Juillet 2016 – Juillet 2026
IAPKAR « La Médiathèque », 10 ans au service de la culture et de la promotion de la lecture
Il y a dix ans, l'Ivon-toerana Anovozam-Pahalalana Kolonely Alphonse Rakotonirainy (IAPKAR), plus connu sous le nom de « La Médiathèque », ouvrait enfin ses portes au public.
Dix années faites d'espoirs, de doutes, de réussites et de difficultés. Le bilan n'est peut-être pas parfait, mais il est loin d'être négatif. Nous avons fait de notre mieux, avec les moyens dont nous disposions, et surtout avec le cœur.
Pourtant, cette inauguration de juillet 2016 était déjà l'aboutissement d'une autre décennie de travail.
Tout commence en 1996, lorsqu'un décret du Chef de l'État-major met à la disposition de l'Association pour la Médiathèque Colonel Alphonse Rakotonirainy (AMCAR) , pour une durée illimitée, le rez-de-chaussée de ce bâtiment désaffecté du Toby Kolonely Alphonse Rakotonirainy afin d'y créer une médiathèque. L'AMCAR prend en charge le financement des travaux, tandis que l'Armée apporte son soutien par la mise à disposition de militaires.

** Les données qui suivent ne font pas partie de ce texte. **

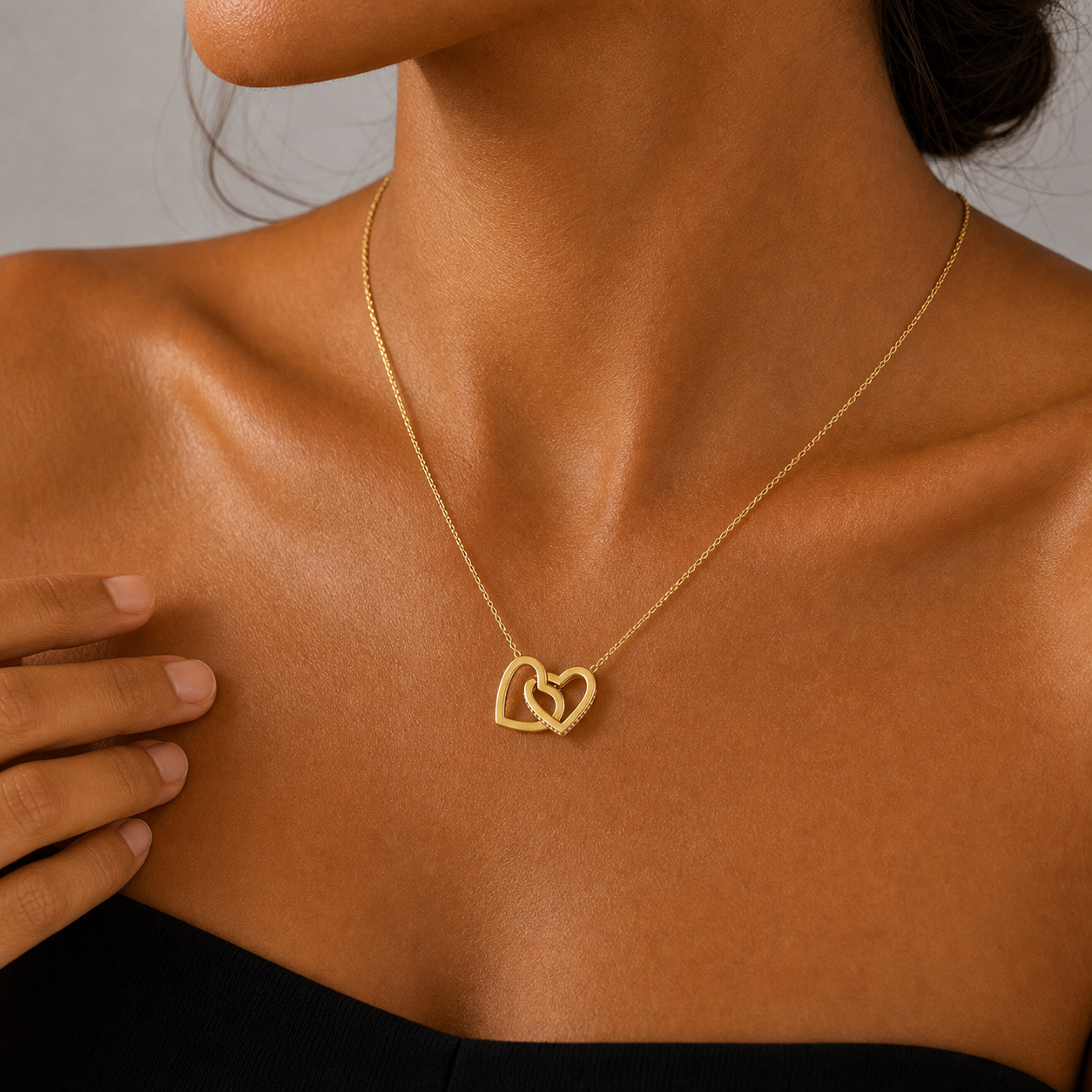 Woman wearing the gold interlocking hearts necklace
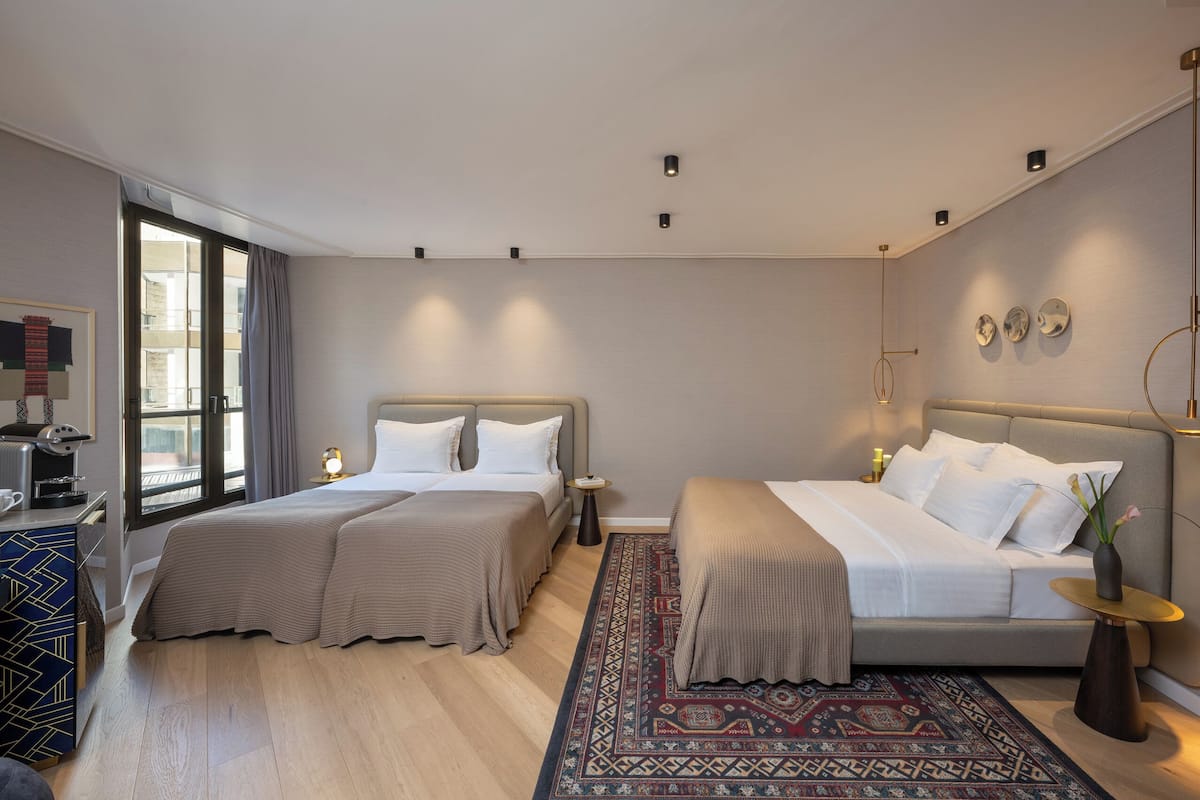 Moderni hotellihuone, jossa on kaksi sänkyä, suuri ikkuna, kahvinkeitin ja koristeellinen matto.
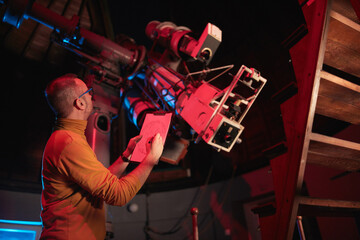Astronomer with a big astronomical telescope in observatory doing science research of space and...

Il faut savoir que l’Armée n’avait plus aucune bibliothèque de loisirs depuis 1972, au grand désespoir de mon père. La bibliothèque qui était à Betongolo a fermé définitivement après les évènements de 72.
Les travaux débutent en 1997.
Pour limiter les vols, un mobilier entièrement sur mesure est conçu, avec des dimensions et un design ne correspondant à aucun meuble du commerce. Malgré ces précautions, une partie du mobilier disparaîtra au fil des années.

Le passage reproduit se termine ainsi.